The Zomato Gold membership programme was a runaway success, but the inherent conflict at the heart of the scheme has sparked off a huge battle between the aggregator and restaurants. For Zomato, shifting the focus of diners from discounts to loyalty may be the best way forward

Harsh Vardhan

[Photo by Rod Long on Unsplash]

Zomato is in the news, and for all the wrong reasons. Yesterday’s poster boy for restaurant listings and delivery is now in the throes of stakeholder revolt, which is threatening to destabilise its business. Nearly 2,000 restaurants across the country have joined a #LogOut campaign, signalling their withdrawal from the Zomato Gold membership programme. 

It is an intriguing turn of events, to say the very least. More so, Zomato Gold was never meant to be a mass-based membership programme that it eventually turned out to be two years after its launch. Before the programme began in India in November 2017, Zomato had promised its restaurant partners that it would be premium and niche. Restaurant partners were surprised when Gold notched up 40,000 customers within the first three days of its launch.

The initial benefits for its members were immense: for a fee as low as Rs 299 for three months or Rs 999 for the year, members would get a free dish (1+1) or two free drinks (2+2) for every restaurant order they placed. There were no restrictions on when you could visit the restaurant or how often, as long as you shared your Zomato Gold membership details with the restaurant on your smartphone.

Within the first six months, by April 2018, Zomato Gold had notched up 180,000 members. By 2019, it had amassed one million members, clearly the biggest such loyalty programme for any unicorn in India.

Yet today, the restaurants are up in arms. While in some cases, Zomato claims Gold members account for nearly 25-30% of their business, restaurant owners claim they don’t make any money from Gold customers, who walk into their restaurants seeking the mandatory discounts. Not just bottom lines, the bigger impact is commoditising the brand and diluting its value proposition.

For much of 2018 and 2019, the restaurant owners couldn't fathom how to deal with this phenomenon. Pulling the plug seemed risky, given the footfalls the programme was generating. It also meant that the footfalls could end up getting diverted to another restaurant in the vicinity, if they were part of the Gold programme. As a result, there was no consensus in the restaurant associations on the way forward.

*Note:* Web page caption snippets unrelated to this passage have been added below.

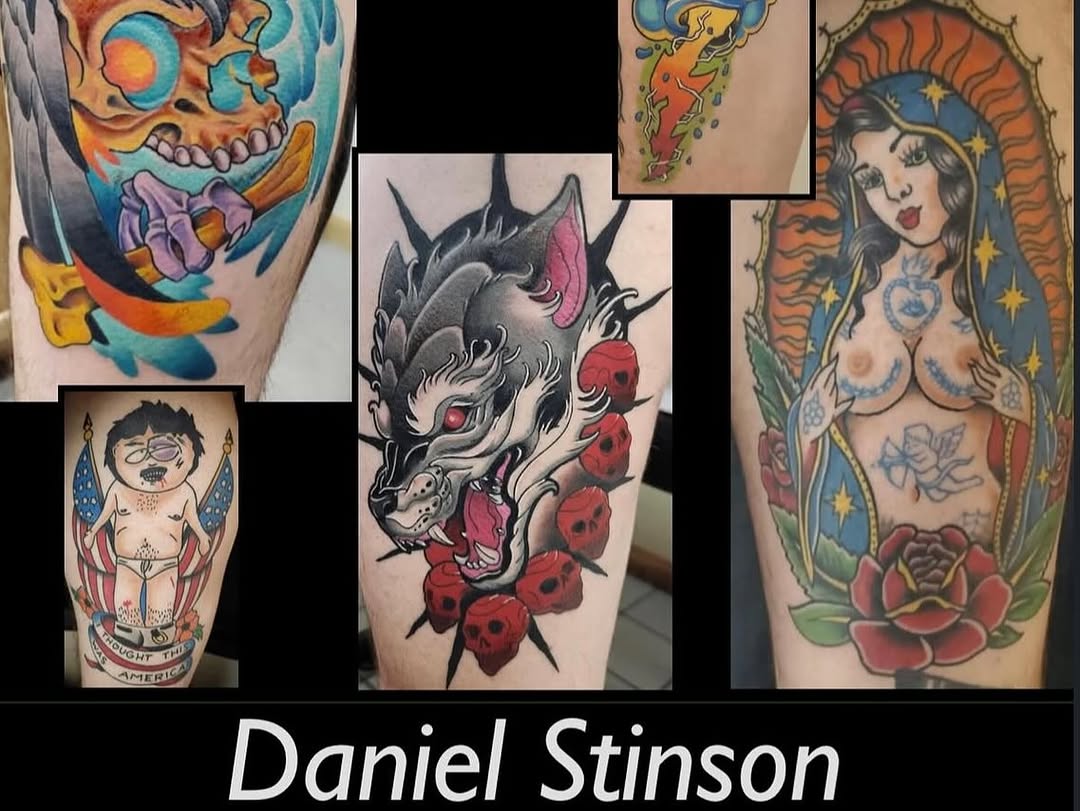 Tattoo by @tattoosbyginger_ — neo_traditional, realism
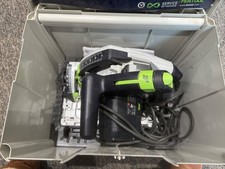 Seghetto circolare a tuffo e custodia Festool TS55 REBQ - Ricambi o riparazioni
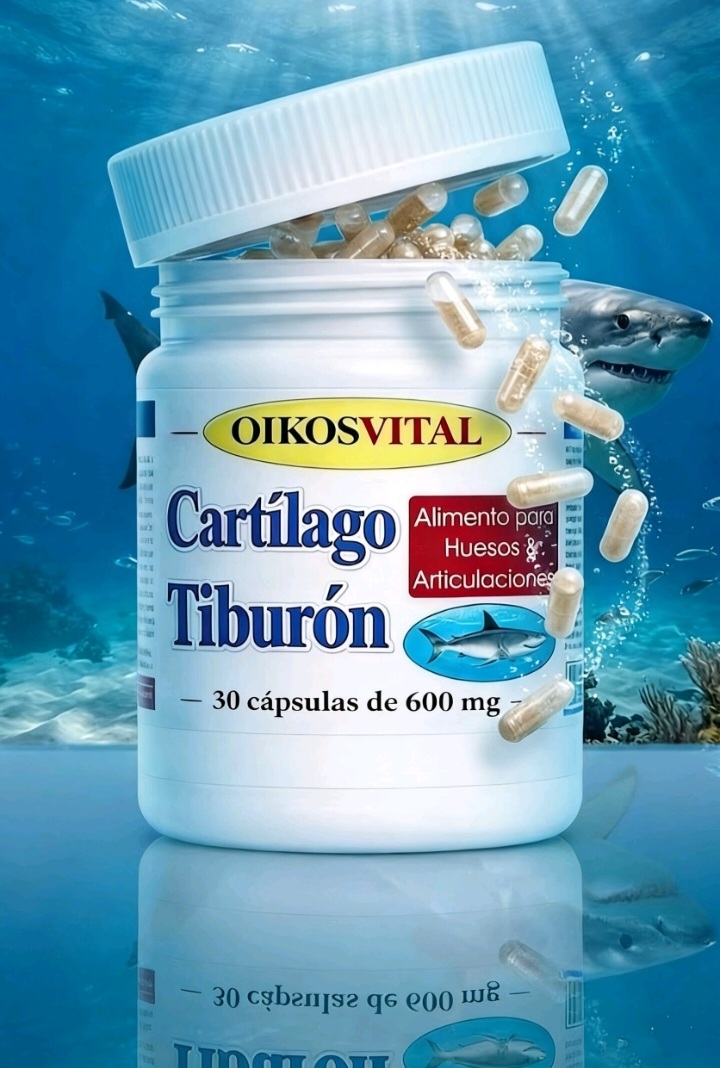 CARTÍLAGO DE TIBURÓN
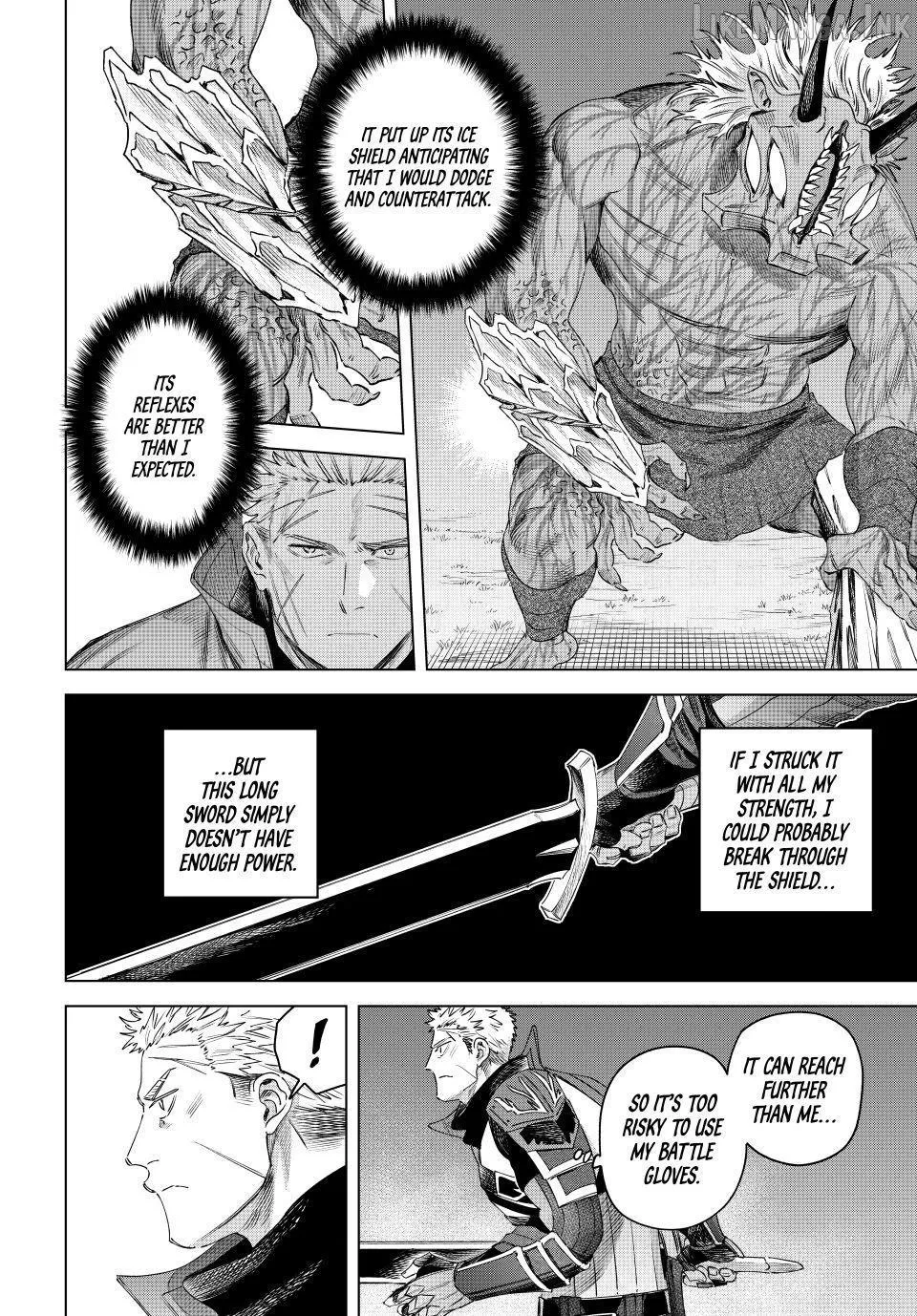 Read The Witch and the Mercenary chapter 75 image 13 on Lezhin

Today, the initial fog of confusion has lifted—and the pullout has begun.

So what went wrong?

How it unravelled

Warning signs emerged just four days after Zomato Gold’s India launch. An exclusive by The Ken pointed at brimming dissatisfaction among some restaurant partners. CEO Deepinder Goyal, however, chose to ignore the signals, claiming Zomato was on top of the game and could make the programme work for all stakeholders.

Nearly two years later, when reality had finally caught up with Zomato Gold and the #LogOut campaign was at its peak, Goyal  made an eight-tweet statement, recognising the Gold programme had its inherent challenges and promising course corrections

However, it appears discussions between the National Restaurant Association of India (NRAI) and Zomato haven’t gone smoothly. Goyal recently took a more aggressive approach against NRAI’s president Rahul Singh, pointing out that the whole fiasco is actually a large restaurant vs small restaurant battle, rather than an issue with the Zomato Gold programme.

Gold is no loyalty programme

The fact is that Zomato Gold was conceptualised as a discount programme, masquerading as a coalition loyalty programme. The two are fundamentally different. We’ll get to that in a bit.

Right from the start the restaurants were required to fund the discounts for the customers. And they pay a joining fee of Rs 40,000. Initially, participating restaurants were expected to offer as many free dishes as there were Zomato customers at a table. That soon became unviable, and more recently, restaurants began to allow only one Gold member for a group of three people at the table to redeem their offer (if there were four-five diners, two Gold members could redeem their offer). It created plenty of bad blood with customers. Customers were also allowed to pick any dish from the menu. That meant they often picked the most expensive dish. 

Now, here’s the issue: By its very nature, a discount programme is meant to be a revenue booster in the short term. It is normally used by firms to either liquidate their stocks or as a seasonal discount offer. A retailer like Kmart has used it to build a business across price-sensitive consumers and bargain hunters. It typically does not build loyalty. Such bargain hunters tend to flee to another store that offers a better discount. Loyalty programmes, on the other hand, aim to build a sustainable consumer franchise by offering more personalised value.

On its part, Zomato may have forgotten a fundamental truth: it failed to understand how the added value was being created and its role in creating it. Now, this is significant. In any partnership, if a key player tries to hog more value than he is creating in the game, the market will eventually punish him. And this seems to be the crux of Zomato’s woes. 

This is exactly what happened with Webvan in the US. Launched in 1996, in virtually no time it turned into a powerful intermediary selling grocery and consumer goods online. But it failed spectacularly within two years, when the brand owners realised that their brands were being commoditised due to frequent offers and discounts.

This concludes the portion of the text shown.